An Option is returned because parseFull has different possible return values depending on the input, or it may fail to parse the input at all (giving None). So, aside from an optional Map which associates keys with values, an optional List can be returned as well if the JSON string denoted an array.
Example:
scala> import scala.util.parsing.json.JSON._
import scala.util.parsing.json.JSON._
scala> parseFull("""{"name":"jack"}""")
res4: Option[Any] = Some(Map(name -> jack))
scala> parseFull("""[ 100, 200, 300 ]""")
res6: Option[Any] = Some(List(100.0, 200.0, 300.0))
You might need pattern matching in order to achieve what you want, like so:
scala> parseFull("""{"name":"jack","greeting":"hello world"}""") match {
| case Some(m) => Console println ("Got a map: " + m)
| case _ =>
| }
Got a map: Map(name -> jack, greeting -> hello world)
Now, if you want to generate XML output, you can use the above to iterate over the key/value pairs:
import scala.xml.XML
parseFull("""{"name":"jack","greeting":"hello world"}""") match {
case Some(m: Map[_,_]) =>
<test>
{
m map { case (k,v) =>
XML.loadString("<%s>%s</%s>".format(k,v,k))
}
}
</test>
case _ =>
}
parseFull returns an Option because the string may not be valid JSON (in which case it will return None instead of Some).
The usual way to get the value out of a Some is to pattern match against it like this:
result match {
case Some(map) =>
doSomethingWith(map)
case None =>
handleTheError()
}
If you're certain the input will always be valid and so you don't need to handle the case of invalid input, you can use the get method on the Option, which will throw an exception when called on None.
You have two separate problems.
It's typed as Any.
Your data is inside an Option and a Map.
Let's suppose we have the data:
val x: Option[Any] = Some(Map("name" -> "jack", "greeting" -> "hi"))
and suppose that we want to return the appropriate XML if there is something to return, but not otherwise.
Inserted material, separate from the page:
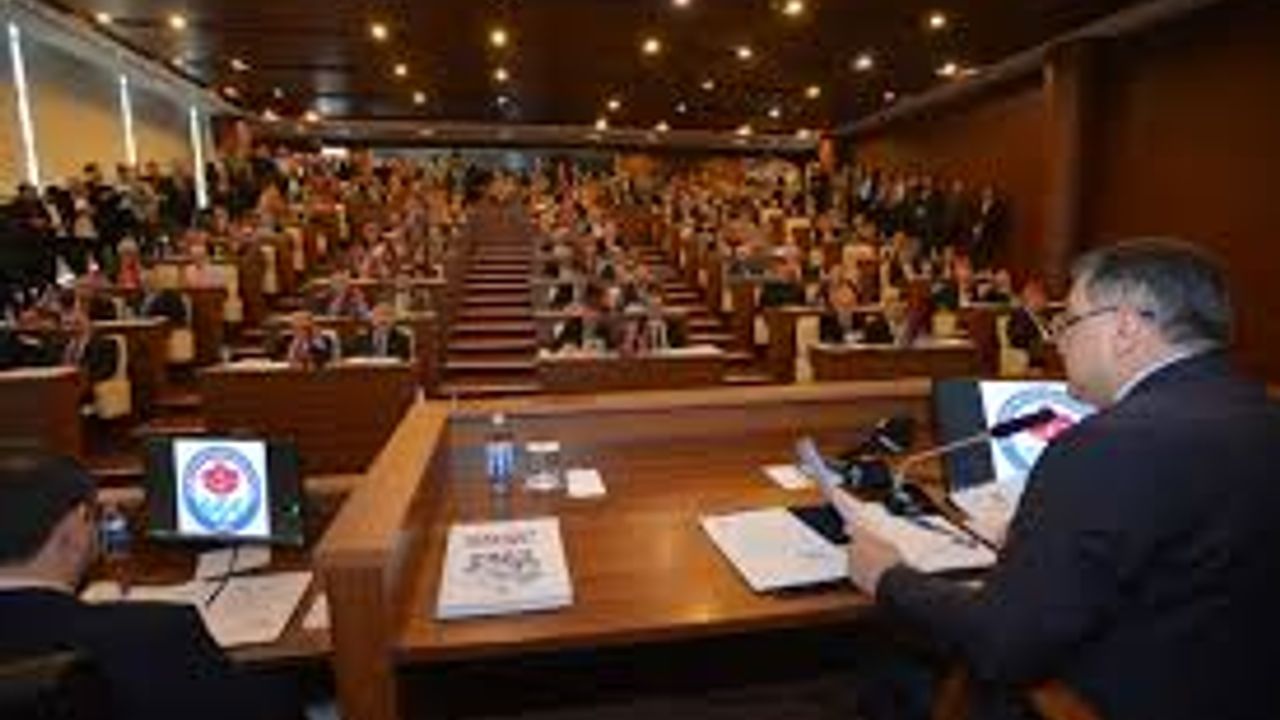 TRABZON’U BORÇ BATAKLIĞINA MI SÜRÜKLÜYORLAR? ŞOK KREDİ KARARI!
Then we can use collect to gather those parts that we know how to deal with:
val y = x collect {
case m: Map[_,_] => m collect {
case (key: String, value: String) => key -> value
}
}
(note how we've taken each entry in the map apart to make sure it maps a string to a string--we wouldn't know how to proceed otherwise. We get:
y: Option[scala.collection.immutable.Map[String,String]] =
Some(Map(name -> jack, greeting -> hi))
Okay, that's better! Now if you know which fields you want in your XML, you can ask for them:
val z = for (m <- y; name <- m.get("name"); greet <- m.get("greeting")) yield {
<test><name>{name}</name><greeting>{greet}</greeting></test>
}
which in this (successful) case produces
z: Option[scala.xml.Elem] =
Some(<test><name>jack</name><greeting>hi</greeting></test>)
and in an unsuccessful case would produce None.
If you instead want to wrap whatever you happen to find in your map in the form <key>value</key>, it's a bit more work because Scala doesn't have a good abstraction for tags:
val z = for (m <- y) yield <test>{ m.map { case (tag, text) => xml.Elem(null, tag, xml.Null, xml.TopScope, xml.Text(text)) }}</test>
which again produces
z: Option[scala.xml.Elem] =
Some(<test><name>jack</name><greeting>hi</greeting></test>)
(You can use get to get the contents of an Option, but it will throw an exception if the Option is empty (i.e. None).)